Today marks the day I will forever refer to as D-Day. As in, the day I finally let Destiny hold my hand.
I got laid off this afternoon, and as if it were a movie scene, it was raining and I was left to gather my belongings. No hard feelings though. I wasn’t the only individual let go and it was due to circumstances beyond anyone’s control.
I shed a tear, I will not lie. Then I prayed, knelt down and thanked God for his goodness to me. This reaction completely shocked me, and had I been laid of months ago, I would have been a complete wreck.
Today I will be thankful for the experience I gained and the friendships I made. Most of all, I will be thankful because you can never realize your destiny if you’re to comfortable with where you are.
With peace and great confidence I have to look myself in the mirror and say what I’ve been afraid to say all along.
I want to write for a living.
I want people to read my poetry and be moved and have an impact on people’s lives.
Somewhere between adolescence and adulthood, following your dream becomes frowned upon and left for those to stupid or to naive to consider the consequences. I want to know when it became stupid to dream out loud.

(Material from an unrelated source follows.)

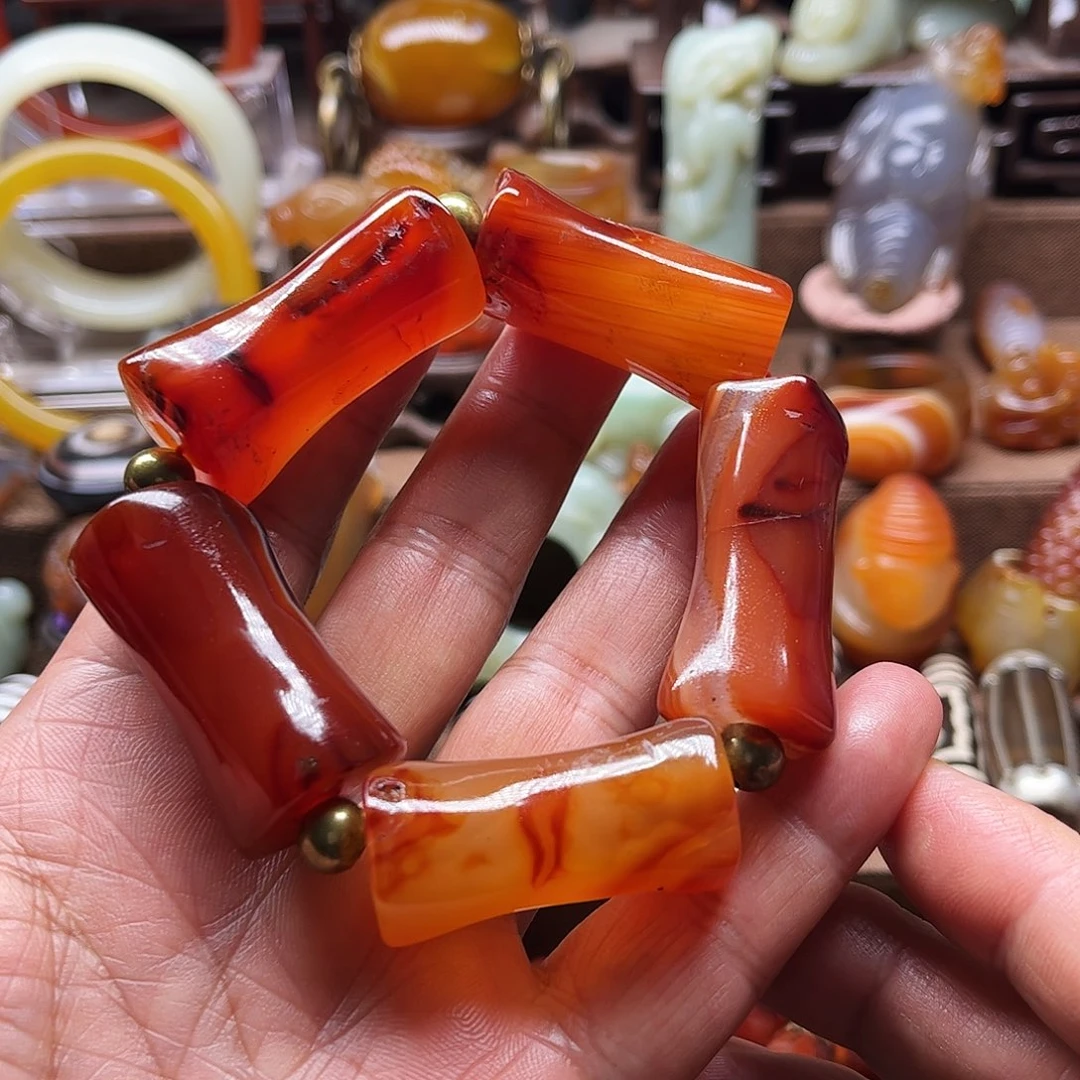 玛瑙/玉髓未镶嵌车挂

My birthday is next week, and I’m going to give myself the best gift of all. I’m going to let myself be me. With no hesitation, no explanation and no fear.
I have my whole life ahead of me and life is too short to live as someone else.
So three cheers to me following my dream. Someday, this post will be the introduction to a moving speech, and an award winning book. Why? because tonight I am dreaming out loud.